Problem details: Leave out the images and set down the records below exactly.

Material to process:
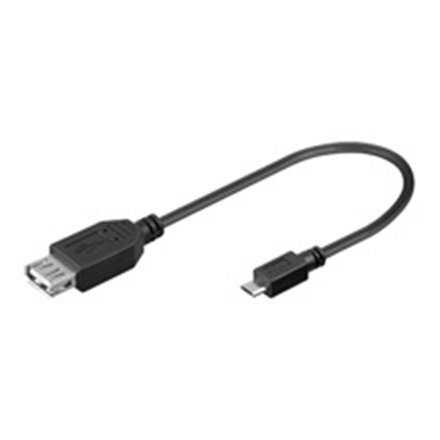 USB Adapter Micro B-M/ USB A-female, OTG, 0.2m kanssa hinta ja tiedot | Kaapelit ja adapterit | hobbyhall.fi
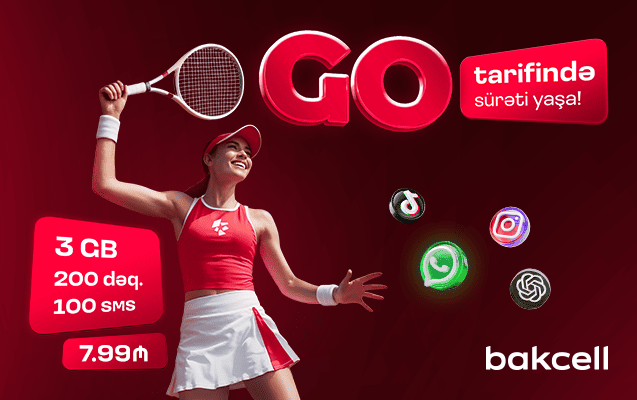 Bakcell bonuslarla zəngin yeni &ldquo;GO&rdquo; tariflərini təqdim edir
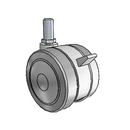 GT-03TPO-200-TB-TS02 MedCaster Swivel Caster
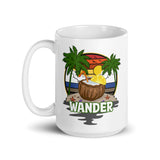 Wander White glossy mug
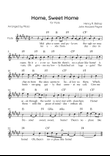 Home! Sweet Home! - Flute Solo in F# Major - Lyrics & Chords - Easy Level Sheet Music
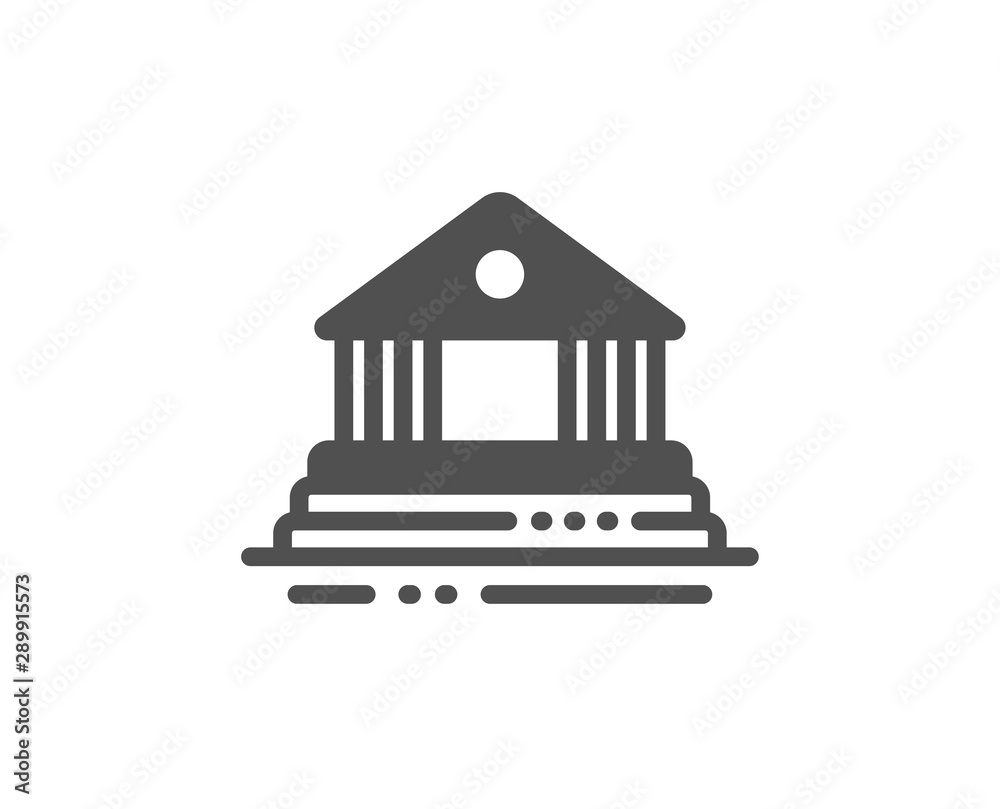 City architecture sign. Court building icon. Courthouse, government symbol. Classic flat style. Simple court building icon. Vector City architecture sign. Court building icon. Courthouse, government symbol. Classic flat style. Simple court building icon. Vector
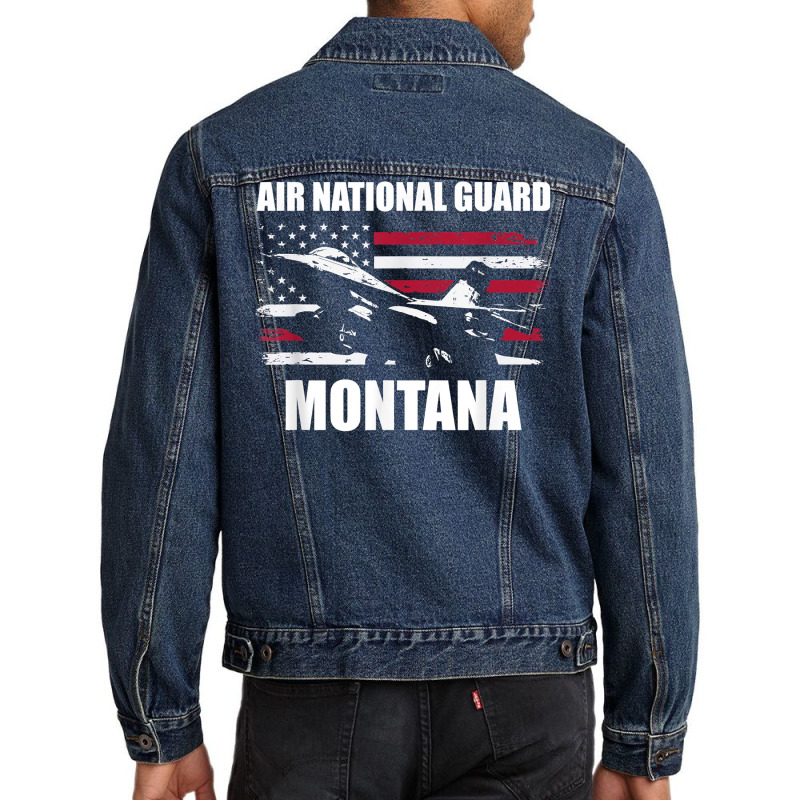 Montana Air National Guard T Shirt Men Denim Jacket by AshleyPenez | Artistshot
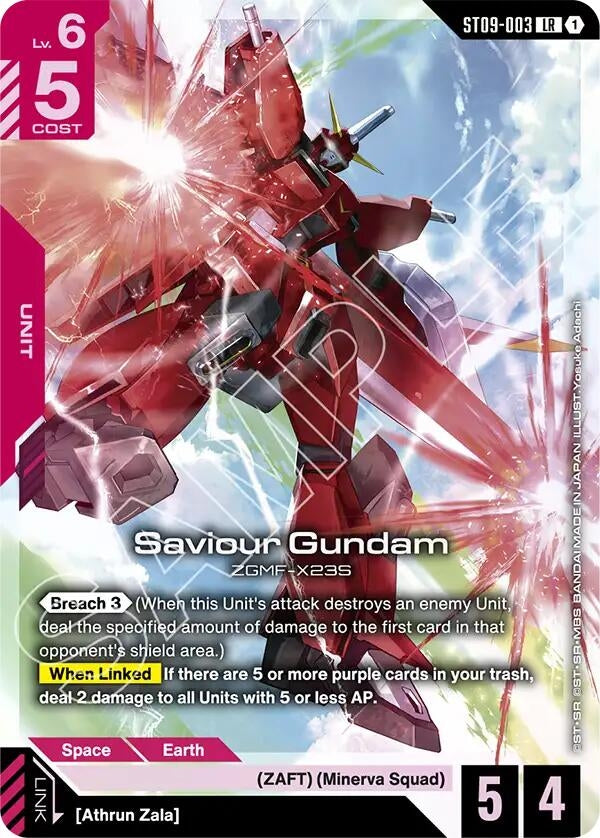 Image for Saviour Gundam (ST09-003) (Starter Deck 09: Destiny Ignition) - Gundam Card Game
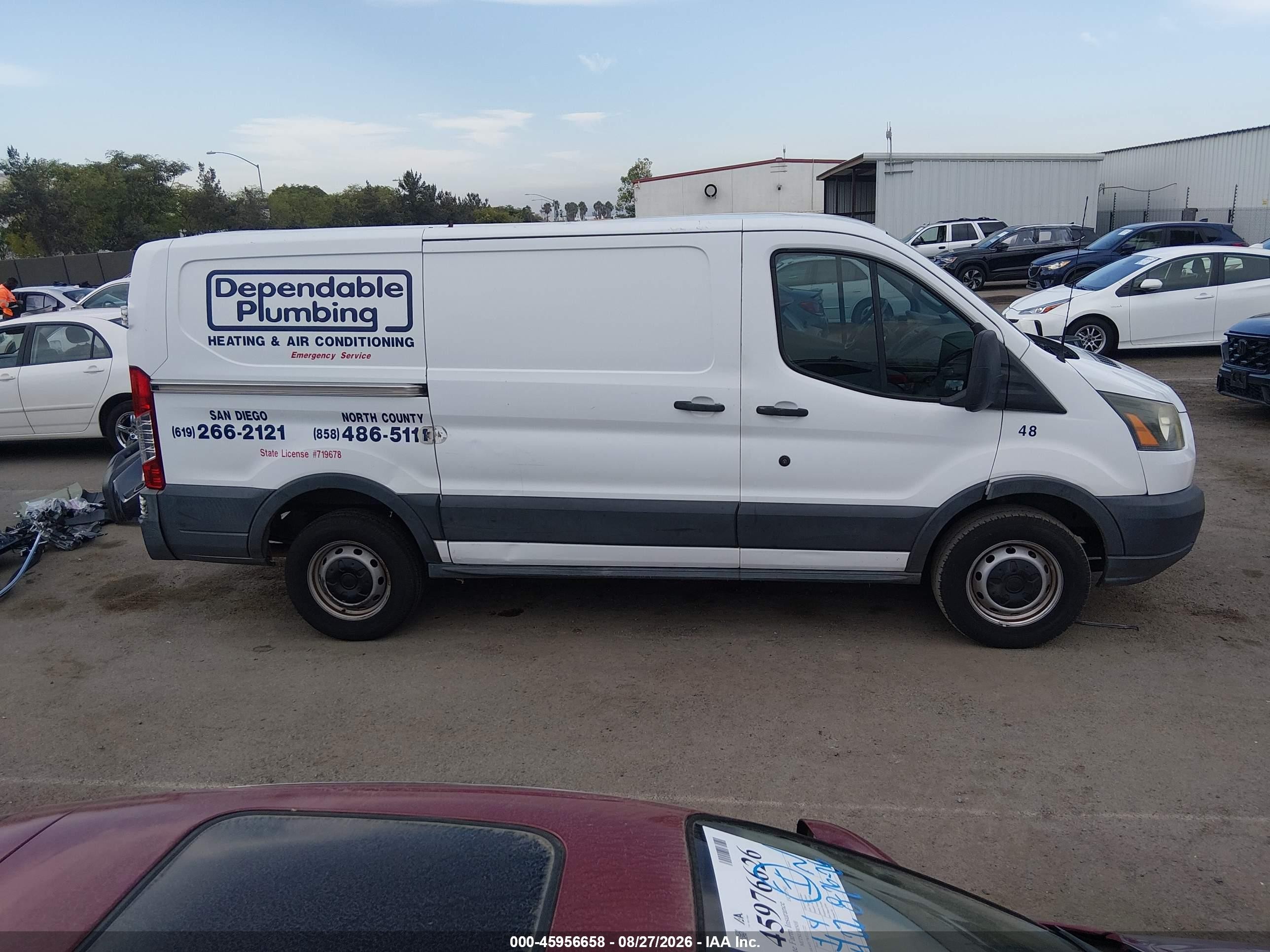 2015 Ford Transit-250   White vin: 1FTNR1YM7FKA44034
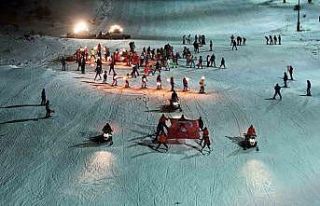 Sivas Yıldız Dağı’nda kayak sezonu halaylarla...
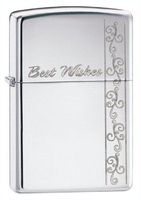Zippo Best Wishes Pocket Lighter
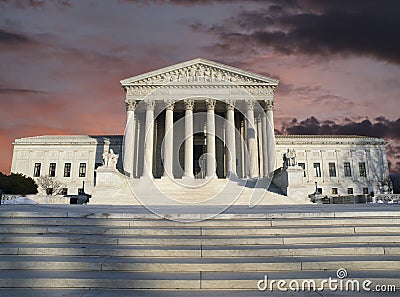 Supreme Court Clearing Storm Sky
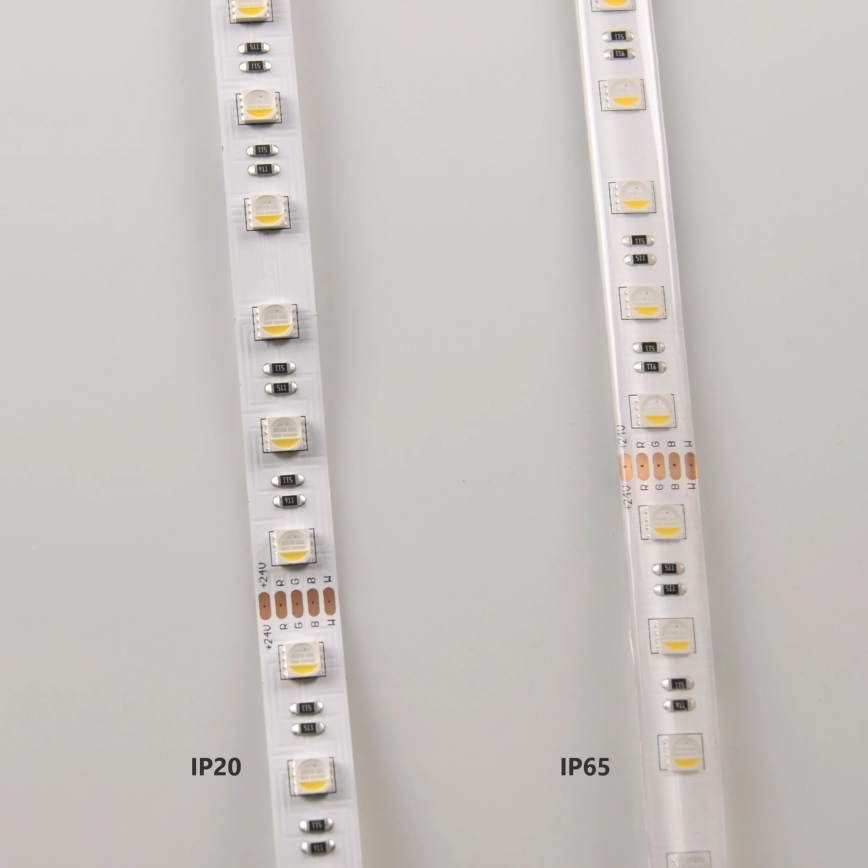 LED RGBW Aptumšojama josla 3m LED/22W/24/230V + tālvadības pults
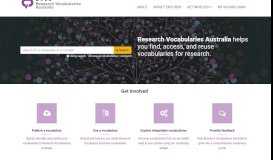 
							         Research Vocabularies Australia								  
							    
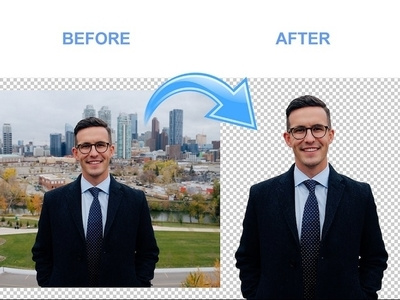 Example of background cleaning on photos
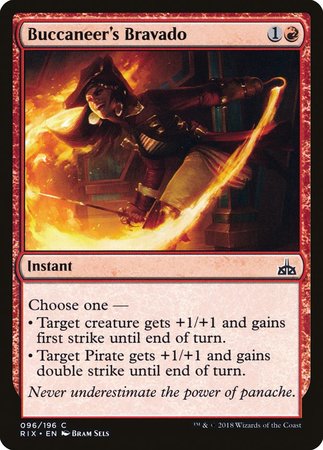 Buccaneer's Bravado [Rivals of Ixalan] | North Game Den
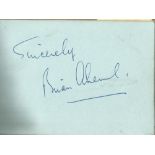 Brian Aherne signed 6x4 album page. William Brian de Lacy Aherne (2 May 1902 - 10 February 1986) was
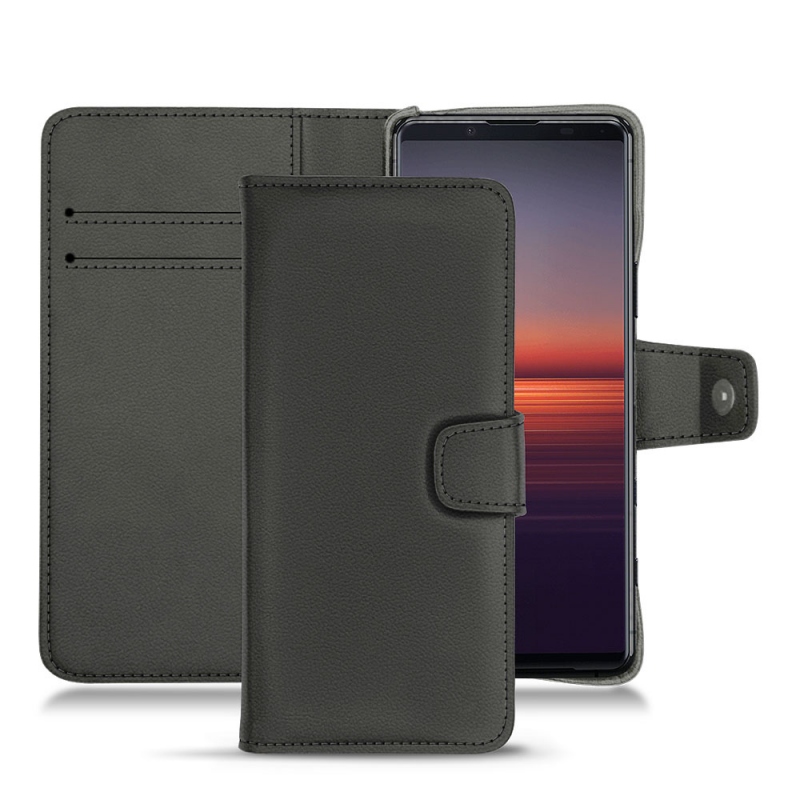Housse cuir Sony Xperia 5 II - Noir PU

Exercise result:
 USB Adapter Micro B-M/ USB A-female, OTG, 0.2m kanssa hinta ja tiedot | Kaapelit ja adapterit | hobbyhall.fi
 Bakcell bonuslarla zəngin yeni &ldquo;GO&rdquo; tariflərini təqdim edir
 GT-03TPO-200-TB-TS02 MedCaster Swivel Caster
 Wander White glossy mug
 Home! Sweet Home! - Flute Solo in F# Major - Lyrics & Chords - Easy Level Sheet Music
 City architecture sign. Court building icon. Courthouse, government symbol. Classic flat style. Simple court building icon. Vector City architecture sign. Court building icon. Courthouse, government symbol. Classic flat style. Simple court building icon. Vector
 Montana Air National Guard T Shirt Men Denim Jacket by AshleyPenez | Artistshot
 Image for Saviour Gundam (ST09-003) (Starter Deck 09: Destiny Ignition) - Gundam Card Game
 2015 Ford Transit-250   White vin: 1FTNR1YM7FKA44034
 Sivas Yıldız Dağı’nda kayak sezonu halaylarla...
Zippo Best Wishes Pocket Lighter
 Supreme Court Clearing Storm Sky
 LED RGBW Aptumšojama josla 3m LED/22W/24/230V + tālvadības pults
							         Research Vocabularies Australia								  
							    
 Example of background cleaning on photos
 Buccaneer's Bravado [Rivals of Ixalan] | North Game Den
 Brian Aherne signed 6x4 album page. William Brian de Lacy Aherne (2 May 1902 - 10 February 1986) was
Housse cuir Sony Xperia 5 II - Noir PU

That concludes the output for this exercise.